- The task -
Skipping all pictures, print exactly the lines below from the one with "Bague pour homme" through the final line.

- The data -
━━━━━━━━━━━━━━━━

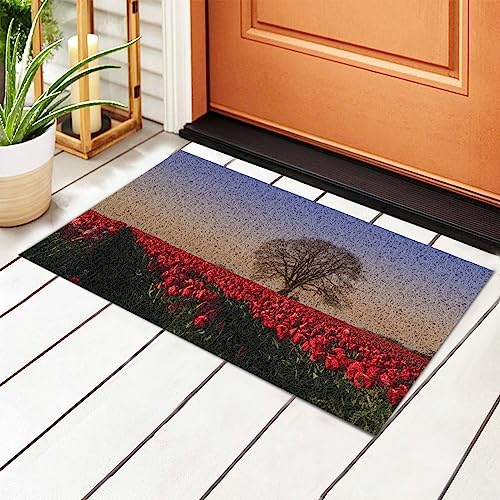 Paillasson d'intérieur VACSAX 40x60 cm antidérapant en PVC à motif tulipes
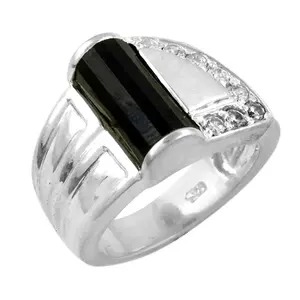 Bague pour homme en argent 925 fait main avec onyx noir, bijoux de déclaration avec placage rhodium, incrustation de pierres précieuses et d'agate, pureté du métal 14 carats - Product Image 1
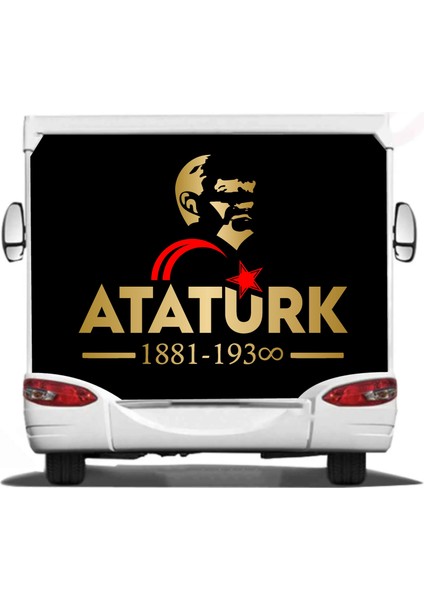 Atatürk ve Ay Yıldız Sticker, Atatürk Yazısı, Araba Oto Motosiklet Karavan Sticker 00621 modelleri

━━━━━━━━━━━━━━━━

- Answer section -
 Bague pour homme en argent 925 fait main avec onyx noir, bijoux de déclaration avec placage rhodium, incrustation de pierres précieuses et d'agate, pureté du métal 14 carats - Product Image 1
 Atatürk ve Ay Yıldız Sticker, Atatürk Yazısı, Araba Oto Motosiklet Karavan Sticker 00621 modelleri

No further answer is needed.